PROMPT
Leaving out all pictures, transcribe exactly the lines between the line with "Jenny Andersson, omvald" and the last line of the records below, both included.

Start of EXTRACTED ENTRIES

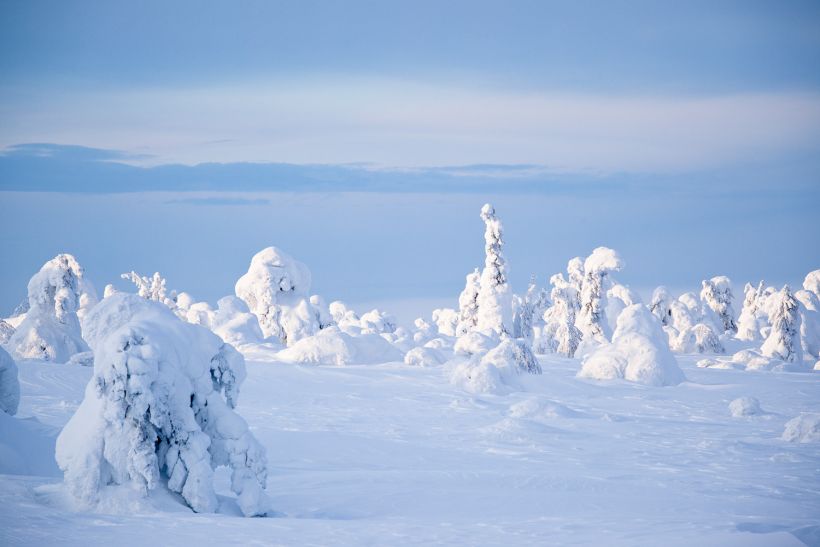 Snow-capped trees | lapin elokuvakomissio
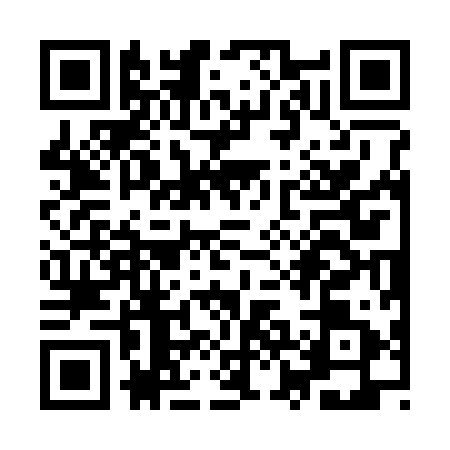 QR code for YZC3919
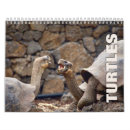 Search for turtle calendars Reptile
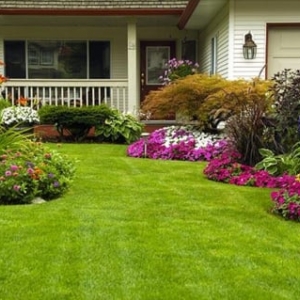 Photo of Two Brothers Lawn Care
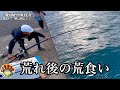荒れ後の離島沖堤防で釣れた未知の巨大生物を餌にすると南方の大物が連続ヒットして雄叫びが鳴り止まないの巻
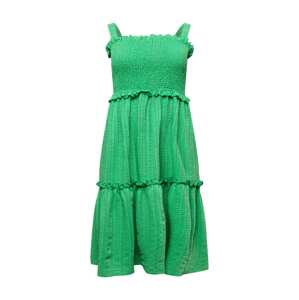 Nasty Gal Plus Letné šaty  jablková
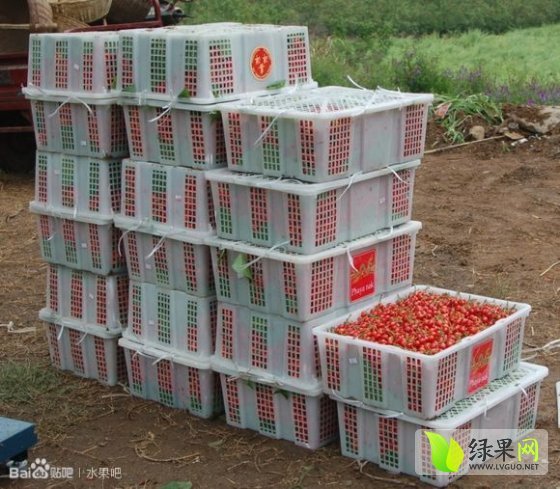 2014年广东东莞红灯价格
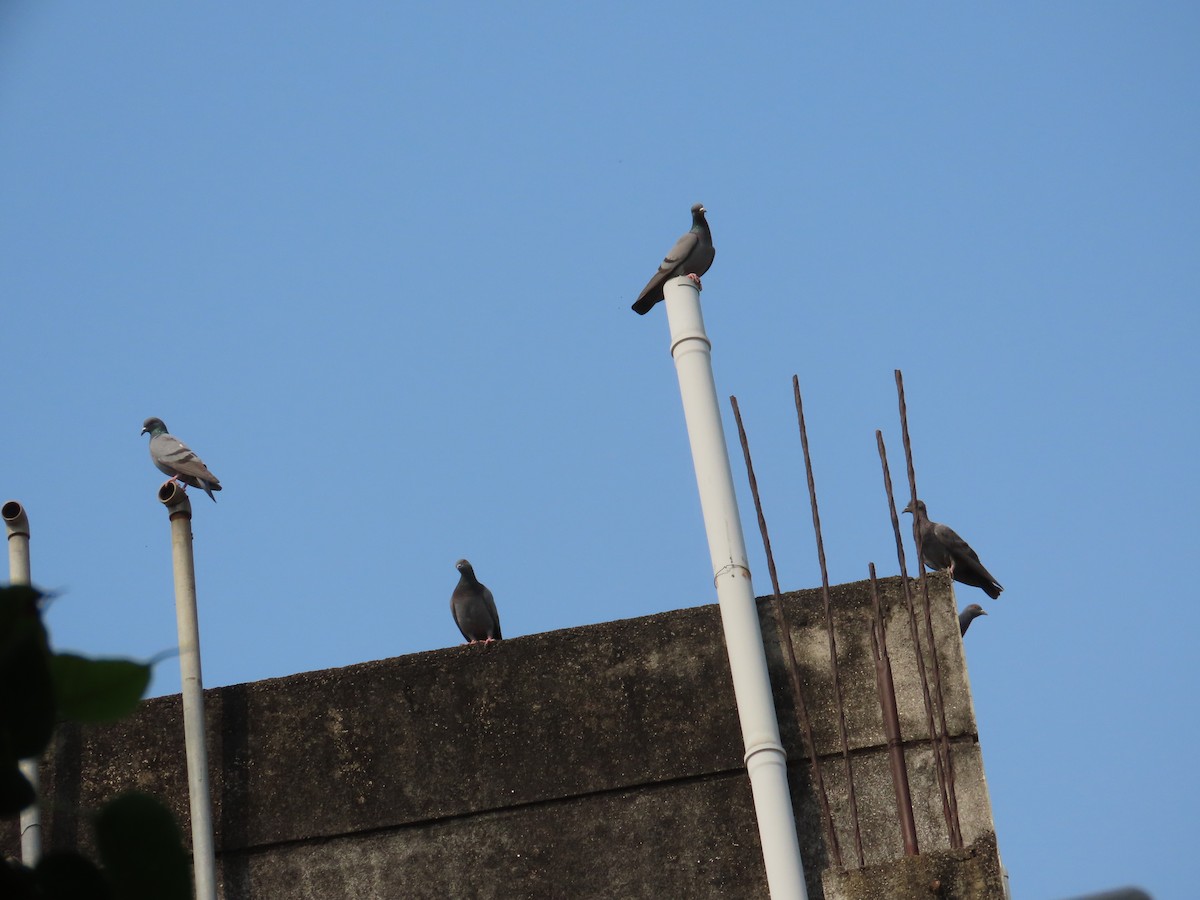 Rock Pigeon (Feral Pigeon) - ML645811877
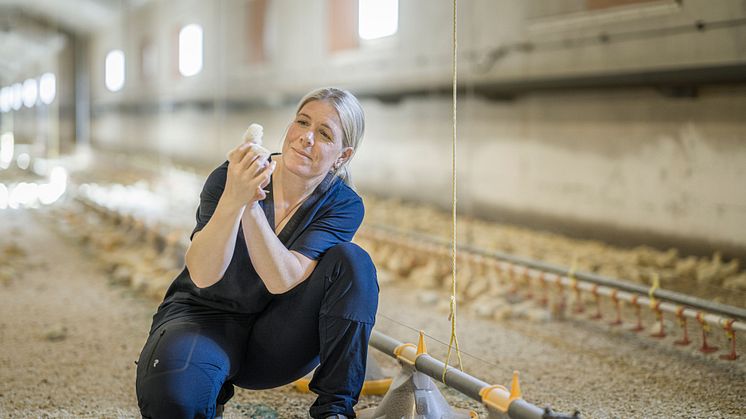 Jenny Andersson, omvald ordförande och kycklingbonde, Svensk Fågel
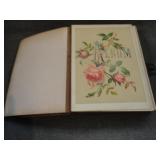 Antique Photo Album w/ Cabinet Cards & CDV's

End of EXTRACTED ENTRIES

TASK OUTPUT
 Jenny Andersson, omvald ordförande och kycklingbonde, Svensk Fågel
 Antique Photo Album w/ Cabinet Cards & CDV's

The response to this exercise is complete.